Si Jamendo se fait passer auprès des artistes pour un militant dévoué de la libre diffusion et un substitut efficace à la SACEM et aux professionnels de l’industrie musicale, il en va tout autrement auprès des clients, à qui Jamendo affirme fièrement vendre de la « musique libre de droits ». Quid de la musique libre, grâce à laquelle Jamendo a développé sa notoriété ? Nada. D’ailleurs, la confusion entre « musique libre » et « musique libre de droits », que nous avions déjà soulignée il y a deux ans, continue délibérément d’être entretenue sur les bannières promotionnelles de Jamendo Pro, comme commencent à s’en rendre compte avec retard certains supporters de Jamendo. Même un ancien modérateur bénévole du forum de Jamendo appelle désormais sur son blog ses congénères à déserter « Jamendo Pro ». Et c’est toujours avec autant de morgue et de cynisme que Jamendo répond à son troupeau :

« La bannière restera telle quelle. Dans une démarche commerciale, c’est un argument pour accrocher des clients. »
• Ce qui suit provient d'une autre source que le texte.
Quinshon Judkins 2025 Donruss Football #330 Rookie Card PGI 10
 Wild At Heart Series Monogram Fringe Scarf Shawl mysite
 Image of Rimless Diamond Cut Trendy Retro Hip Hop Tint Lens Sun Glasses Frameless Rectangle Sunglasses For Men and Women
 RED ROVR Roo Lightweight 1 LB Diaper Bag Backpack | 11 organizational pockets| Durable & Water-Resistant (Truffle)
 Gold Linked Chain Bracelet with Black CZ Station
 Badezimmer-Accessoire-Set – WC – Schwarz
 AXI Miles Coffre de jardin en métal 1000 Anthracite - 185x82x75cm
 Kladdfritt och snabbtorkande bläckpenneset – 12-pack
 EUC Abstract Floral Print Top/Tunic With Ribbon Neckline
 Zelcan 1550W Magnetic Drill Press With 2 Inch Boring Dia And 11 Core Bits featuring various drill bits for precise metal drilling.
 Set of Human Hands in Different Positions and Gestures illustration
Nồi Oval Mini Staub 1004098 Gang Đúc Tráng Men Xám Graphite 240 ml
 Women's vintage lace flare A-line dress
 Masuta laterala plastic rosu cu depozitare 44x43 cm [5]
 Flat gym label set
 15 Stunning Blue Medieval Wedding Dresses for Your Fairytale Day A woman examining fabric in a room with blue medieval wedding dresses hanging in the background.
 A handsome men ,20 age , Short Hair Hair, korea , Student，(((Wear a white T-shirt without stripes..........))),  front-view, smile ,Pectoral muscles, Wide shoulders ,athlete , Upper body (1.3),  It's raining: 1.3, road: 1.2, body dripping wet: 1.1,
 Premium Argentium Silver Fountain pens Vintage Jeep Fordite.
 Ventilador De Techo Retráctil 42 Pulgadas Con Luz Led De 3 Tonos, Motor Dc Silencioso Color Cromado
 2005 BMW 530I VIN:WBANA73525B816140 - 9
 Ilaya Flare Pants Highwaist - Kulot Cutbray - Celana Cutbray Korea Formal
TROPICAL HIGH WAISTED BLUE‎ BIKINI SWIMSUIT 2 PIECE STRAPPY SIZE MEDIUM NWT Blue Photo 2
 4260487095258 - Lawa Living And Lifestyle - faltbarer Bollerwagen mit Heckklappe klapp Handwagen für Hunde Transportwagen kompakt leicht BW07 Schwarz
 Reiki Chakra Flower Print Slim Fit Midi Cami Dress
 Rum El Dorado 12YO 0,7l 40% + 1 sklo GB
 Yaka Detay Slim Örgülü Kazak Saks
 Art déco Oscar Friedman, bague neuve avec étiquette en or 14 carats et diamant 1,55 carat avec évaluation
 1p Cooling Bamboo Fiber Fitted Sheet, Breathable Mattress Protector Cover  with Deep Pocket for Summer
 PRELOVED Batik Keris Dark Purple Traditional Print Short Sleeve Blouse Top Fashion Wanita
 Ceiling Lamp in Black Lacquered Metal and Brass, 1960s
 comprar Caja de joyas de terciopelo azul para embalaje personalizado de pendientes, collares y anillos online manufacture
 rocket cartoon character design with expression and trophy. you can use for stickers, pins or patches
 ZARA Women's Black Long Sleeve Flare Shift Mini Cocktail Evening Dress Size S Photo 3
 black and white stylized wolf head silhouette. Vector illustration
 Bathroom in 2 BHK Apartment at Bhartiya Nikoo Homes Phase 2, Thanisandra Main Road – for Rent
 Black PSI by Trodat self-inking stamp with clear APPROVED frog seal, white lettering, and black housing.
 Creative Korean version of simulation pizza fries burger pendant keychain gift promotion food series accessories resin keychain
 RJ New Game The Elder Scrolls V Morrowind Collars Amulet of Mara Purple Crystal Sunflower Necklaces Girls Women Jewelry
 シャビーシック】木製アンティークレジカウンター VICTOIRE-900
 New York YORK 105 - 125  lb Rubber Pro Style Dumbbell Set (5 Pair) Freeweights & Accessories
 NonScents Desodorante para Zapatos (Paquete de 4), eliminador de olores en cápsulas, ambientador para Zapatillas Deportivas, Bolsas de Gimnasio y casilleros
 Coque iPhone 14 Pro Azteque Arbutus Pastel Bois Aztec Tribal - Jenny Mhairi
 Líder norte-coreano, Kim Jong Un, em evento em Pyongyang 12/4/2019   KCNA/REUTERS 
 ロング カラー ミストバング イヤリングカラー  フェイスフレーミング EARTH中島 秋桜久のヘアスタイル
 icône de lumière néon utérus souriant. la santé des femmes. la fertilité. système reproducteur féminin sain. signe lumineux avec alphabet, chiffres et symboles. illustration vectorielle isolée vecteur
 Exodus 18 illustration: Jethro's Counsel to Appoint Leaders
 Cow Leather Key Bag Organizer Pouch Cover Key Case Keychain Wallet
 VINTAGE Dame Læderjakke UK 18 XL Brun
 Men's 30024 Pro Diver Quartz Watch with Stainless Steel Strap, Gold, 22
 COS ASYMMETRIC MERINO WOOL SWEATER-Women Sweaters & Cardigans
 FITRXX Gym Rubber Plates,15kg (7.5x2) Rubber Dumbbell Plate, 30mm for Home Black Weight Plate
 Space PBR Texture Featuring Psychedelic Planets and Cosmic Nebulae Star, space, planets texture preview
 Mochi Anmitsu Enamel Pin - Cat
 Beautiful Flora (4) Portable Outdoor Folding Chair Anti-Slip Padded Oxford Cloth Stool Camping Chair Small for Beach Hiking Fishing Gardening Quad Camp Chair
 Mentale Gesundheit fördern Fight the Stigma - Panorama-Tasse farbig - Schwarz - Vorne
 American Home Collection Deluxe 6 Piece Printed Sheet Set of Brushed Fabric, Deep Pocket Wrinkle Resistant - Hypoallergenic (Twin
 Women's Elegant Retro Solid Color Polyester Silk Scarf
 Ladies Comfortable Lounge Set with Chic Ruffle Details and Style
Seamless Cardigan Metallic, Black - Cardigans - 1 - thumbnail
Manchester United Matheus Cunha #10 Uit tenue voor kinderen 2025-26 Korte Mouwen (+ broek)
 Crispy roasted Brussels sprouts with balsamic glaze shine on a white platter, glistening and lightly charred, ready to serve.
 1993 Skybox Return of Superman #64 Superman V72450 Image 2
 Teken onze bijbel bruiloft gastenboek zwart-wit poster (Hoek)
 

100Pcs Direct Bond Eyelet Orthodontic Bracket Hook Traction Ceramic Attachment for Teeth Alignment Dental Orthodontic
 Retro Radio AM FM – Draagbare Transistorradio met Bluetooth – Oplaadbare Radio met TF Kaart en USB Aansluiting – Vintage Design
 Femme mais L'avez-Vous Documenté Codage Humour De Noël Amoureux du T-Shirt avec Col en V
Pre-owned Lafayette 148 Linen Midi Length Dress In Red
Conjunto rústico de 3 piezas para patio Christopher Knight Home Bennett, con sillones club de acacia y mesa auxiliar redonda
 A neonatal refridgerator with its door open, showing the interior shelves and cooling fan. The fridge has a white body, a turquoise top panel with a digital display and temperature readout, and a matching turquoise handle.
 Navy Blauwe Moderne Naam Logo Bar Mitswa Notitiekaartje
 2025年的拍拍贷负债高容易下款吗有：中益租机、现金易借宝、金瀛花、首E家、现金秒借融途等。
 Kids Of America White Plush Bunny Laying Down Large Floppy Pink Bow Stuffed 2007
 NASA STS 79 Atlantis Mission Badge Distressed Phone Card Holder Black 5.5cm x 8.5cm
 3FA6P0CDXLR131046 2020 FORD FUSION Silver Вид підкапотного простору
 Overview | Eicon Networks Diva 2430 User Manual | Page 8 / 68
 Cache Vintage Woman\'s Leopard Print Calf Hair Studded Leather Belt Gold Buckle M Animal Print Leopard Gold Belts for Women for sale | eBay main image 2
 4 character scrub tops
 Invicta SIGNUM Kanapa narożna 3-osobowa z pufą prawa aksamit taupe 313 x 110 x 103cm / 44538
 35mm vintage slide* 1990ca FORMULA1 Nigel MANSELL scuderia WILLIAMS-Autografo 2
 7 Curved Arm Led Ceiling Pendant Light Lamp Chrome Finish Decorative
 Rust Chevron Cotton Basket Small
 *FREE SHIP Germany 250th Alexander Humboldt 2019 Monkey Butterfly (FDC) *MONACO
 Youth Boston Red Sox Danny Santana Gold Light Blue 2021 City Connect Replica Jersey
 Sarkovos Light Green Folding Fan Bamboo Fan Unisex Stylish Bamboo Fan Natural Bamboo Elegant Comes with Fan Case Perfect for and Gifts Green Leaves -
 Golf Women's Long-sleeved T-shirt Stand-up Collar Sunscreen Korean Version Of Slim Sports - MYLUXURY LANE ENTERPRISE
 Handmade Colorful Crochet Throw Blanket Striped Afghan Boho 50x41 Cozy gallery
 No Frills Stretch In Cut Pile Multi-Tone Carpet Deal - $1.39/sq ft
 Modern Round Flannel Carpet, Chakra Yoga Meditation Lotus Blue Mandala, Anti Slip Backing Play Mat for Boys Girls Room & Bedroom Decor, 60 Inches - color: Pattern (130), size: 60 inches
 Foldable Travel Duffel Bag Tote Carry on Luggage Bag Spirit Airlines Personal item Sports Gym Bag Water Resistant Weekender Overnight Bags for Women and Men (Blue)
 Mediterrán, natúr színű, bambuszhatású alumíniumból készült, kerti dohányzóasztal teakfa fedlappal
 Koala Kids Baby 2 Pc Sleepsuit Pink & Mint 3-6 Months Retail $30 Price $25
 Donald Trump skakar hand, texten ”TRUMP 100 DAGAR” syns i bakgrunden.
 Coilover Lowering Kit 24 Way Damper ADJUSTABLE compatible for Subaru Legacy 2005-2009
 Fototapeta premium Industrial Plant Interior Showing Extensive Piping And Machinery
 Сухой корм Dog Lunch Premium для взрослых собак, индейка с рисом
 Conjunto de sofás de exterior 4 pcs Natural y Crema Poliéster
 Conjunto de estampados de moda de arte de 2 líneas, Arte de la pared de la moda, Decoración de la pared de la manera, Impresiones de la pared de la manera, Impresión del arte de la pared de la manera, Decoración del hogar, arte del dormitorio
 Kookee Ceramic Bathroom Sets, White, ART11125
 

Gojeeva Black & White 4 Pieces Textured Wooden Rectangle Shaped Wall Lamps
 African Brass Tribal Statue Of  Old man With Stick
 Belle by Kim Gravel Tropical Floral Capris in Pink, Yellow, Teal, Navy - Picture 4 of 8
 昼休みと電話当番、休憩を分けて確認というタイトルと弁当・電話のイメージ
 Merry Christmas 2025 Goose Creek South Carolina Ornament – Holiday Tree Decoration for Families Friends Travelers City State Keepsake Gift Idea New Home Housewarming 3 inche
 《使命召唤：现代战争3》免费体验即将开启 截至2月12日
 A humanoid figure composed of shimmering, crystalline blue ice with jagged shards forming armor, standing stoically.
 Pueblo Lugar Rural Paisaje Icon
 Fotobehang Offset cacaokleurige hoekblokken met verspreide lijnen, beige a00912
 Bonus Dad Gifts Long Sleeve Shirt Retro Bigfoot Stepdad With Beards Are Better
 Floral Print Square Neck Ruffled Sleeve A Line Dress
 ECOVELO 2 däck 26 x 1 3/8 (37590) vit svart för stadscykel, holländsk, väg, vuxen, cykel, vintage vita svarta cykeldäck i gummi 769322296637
Le dénommé « jammartin » qui s’abaisse ici à répondre dans le style concis à la mode dans les écoles de commerce prouve s’il en était besoin toute la considération qu’il a pour les artistes comme pour les clients. On tient là un beau specimen de capitaliste décomplexé. Sylvain Zimmer, lui, ne daigne plus depuis longtemps honorer l’indigent forum de Jamendo de sa présence.

Pour conclure sur une note encore plus comique, souvenons-nous de « l’argument » que Jamendo avait utilisé naguère pour « accrocher » les internautes : il s’agissait de proposer des « Récompenses graduées » aux téléchargeurs afin de lutter contre les « Ripostes graduées » mises en place avec Hadopi. Jamendo, décidément n°1 de la musique libre, se plaçait ainsi du côté des libre-téléchargeurs. A présent, Jamendo demande à être labellisé auprès d’Hadopi. Amusant, non ?

Du berger à la bergère…

Vendredi 10 juillet 2009

Sans doute parce que ce qui se passe avec notre pétition les gène très fortement aux entournures, les responsables de Jamendo réagissent rapidement, mais un peu dans le désordre.

Changement des bannières :

Avant :

libre de droits

libre de droits

libre de droits

libre de droits

Après :

libre de droits

libre

libre de droits

libre

http://imgjam.com/mandarine/firsttime/pub_pro_fr.gif

Mais ils ont un moment oublié de modifier (ou supprimer) celle là :

libre de droitshttp://imgjam.com/banners/21/carre_21_fr.gif

Promesse a été faite aussi que, à partir du 15 juillet, les boutons « acquérir une licence d’utilisation commerciale » ne seraient plus imposés par défaut sur tout le catalogue de Jamendo.

C’est déjà ça. Mais restons vigilants.

Pour que vive la musique libre

Lundi 6 juillet 2009

Le Comité de vigilance contre le détournement mercantile des licences ouvertes invite les artistes, diffuseurs, auditeurs, internautes et citoyens à se mobiliser pour la défense de la musique libre.

Les licences ouvertes n’ont pas été conçues pour servir les stratégies d’entrepreneurs en quête de matière première gratuite. La musique libre n’est pas « libre de droits ». Elle n’a pas à servir de support publicitaire. Elle n’a pas besoin pour exister de pseudo-réseaux sociaux ou de la fumeuse « visibilité » que promettent des start-ups aux dents longues à des artistes aveuglés par leur soif de reconnaissance.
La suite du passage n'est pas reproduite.